MATERIAL PROVIDED START

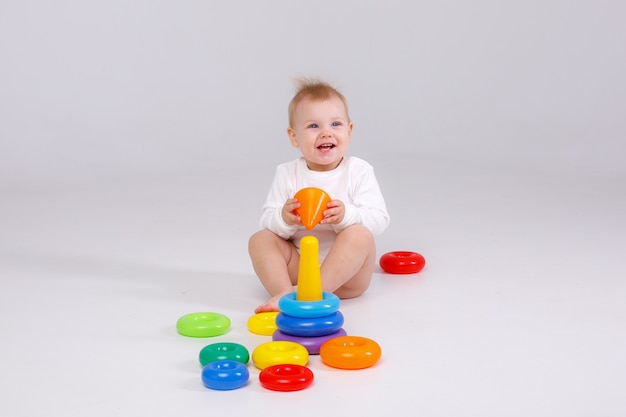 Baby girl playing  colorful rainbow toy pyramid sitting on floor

MATERIAL PROVIDED END
MATERIAL PROVIDED START

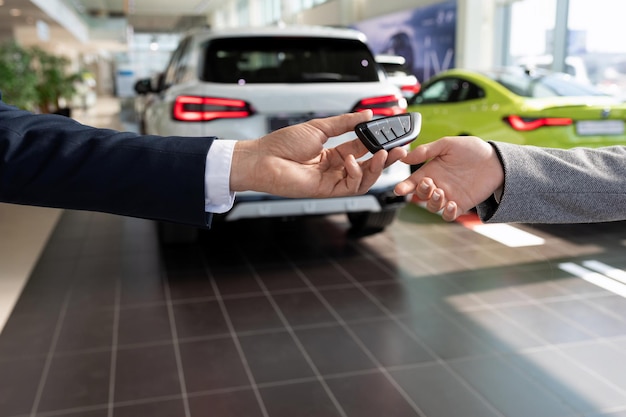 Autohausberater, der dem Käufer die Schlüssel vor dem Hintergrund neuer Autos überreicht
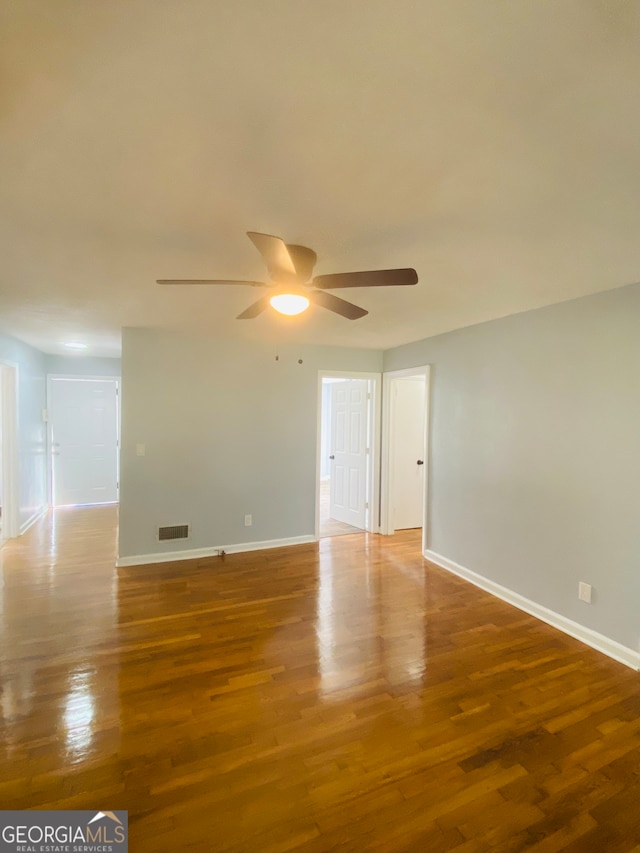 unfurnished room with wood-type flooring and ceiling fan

MATERIAL PROVIDED END

_WHAT IS NEEDED_
Beginning with the line above that contains "Autohausberater, der dem" and ending with the line that contains "unfurnished room with", quote each line exactly, keeping out the pictures.

_WRITTEN RESPONSE_
 Autohausberater, der dem Käufer die Schlüssel vor dem Hintergrund neuer Autos überreicht
 unfurnished room with wood-type flooring and ceiling fan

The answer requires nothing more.